→ EXERCISE BRIEF
The whole listing that follows is to be restated word for word, images excluded.

→ DATASET EXCERPT
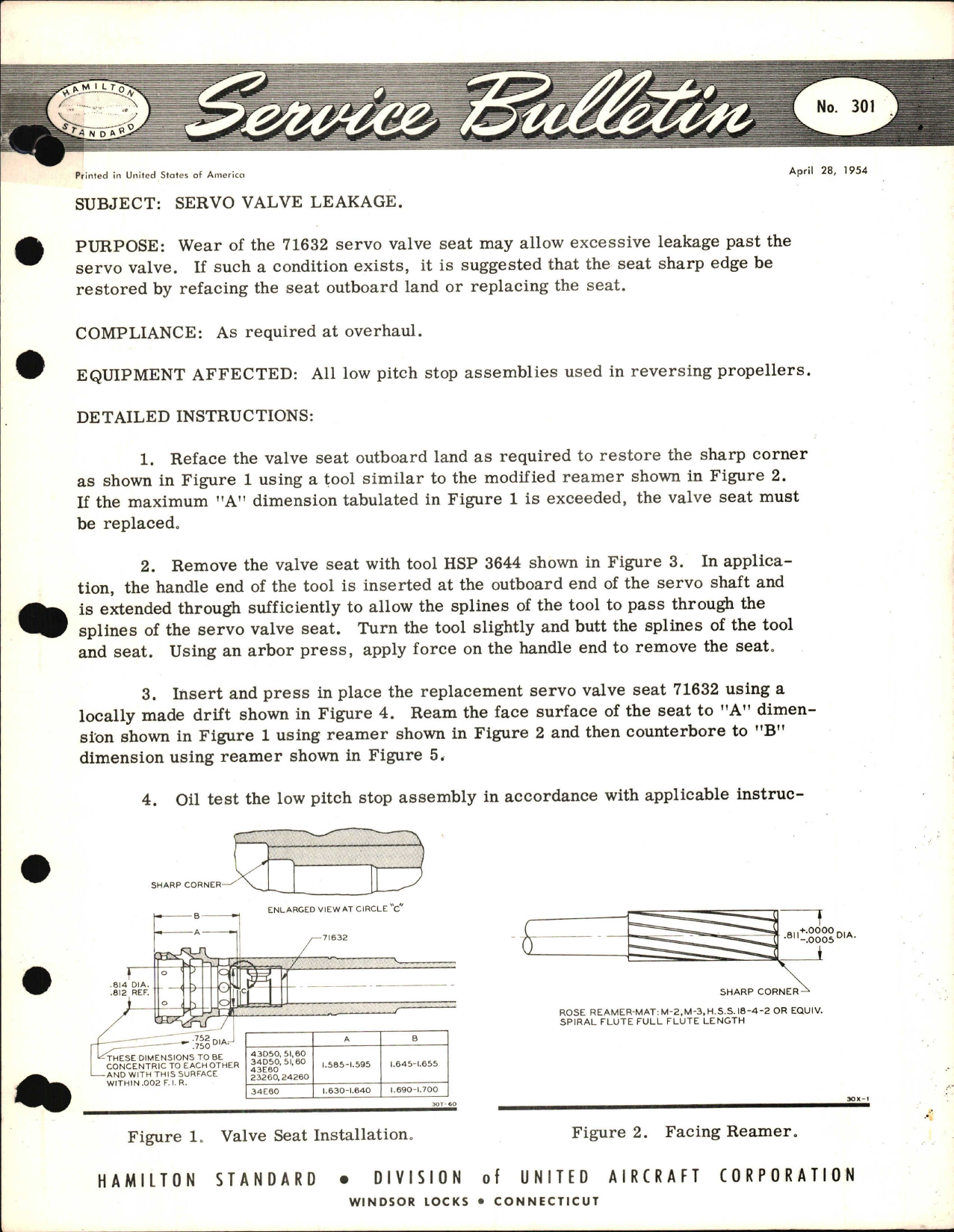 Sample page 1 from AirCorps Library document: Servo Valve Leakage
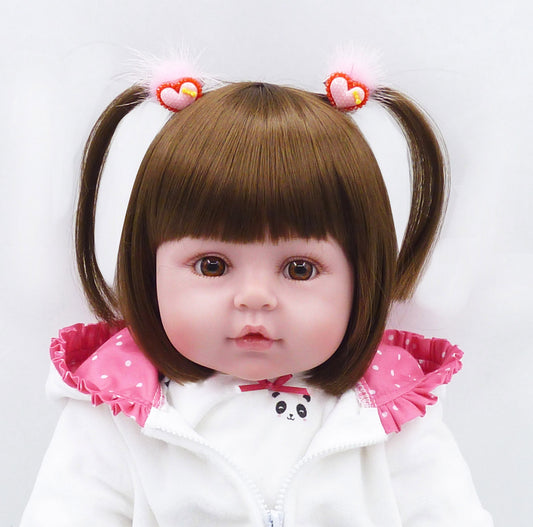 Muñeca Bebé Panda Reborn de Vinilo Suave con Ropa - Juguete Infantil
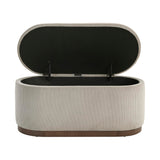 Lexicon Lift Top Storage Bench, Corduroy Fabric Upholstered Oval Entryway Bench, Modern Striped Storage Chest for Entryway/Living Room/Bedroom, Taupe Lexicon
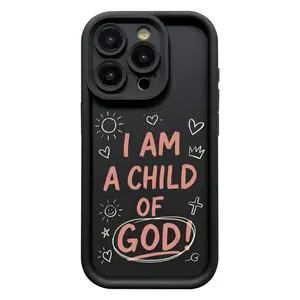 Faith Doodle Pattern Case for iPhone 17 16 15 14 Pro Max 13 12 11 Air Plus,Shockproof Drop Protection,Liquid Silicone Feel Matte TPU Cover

→ SOLUTION TO THE EXERCISE
 Sample page 1 from AirCorps Library document: Servo Valve Leakage
 Muñeca Bebé Panda Reborn de Vinilo Suave con Ropa - Juguete Infantil
 Lexicon Lift Top Storage Bench, Corduroy Fabric Upholstered Oval Entryway Bench, Modern Striped Storage Chest for Entryway/Living Room/Bedroom, Taupe Lexicon
 Faith Doodle Pattern Case for iPhone 17 16 15 14 Pro Max 13 12 11 Air Plus,Shockproof Drop Protection,Liquid Silicone Feel Matte TPU Cover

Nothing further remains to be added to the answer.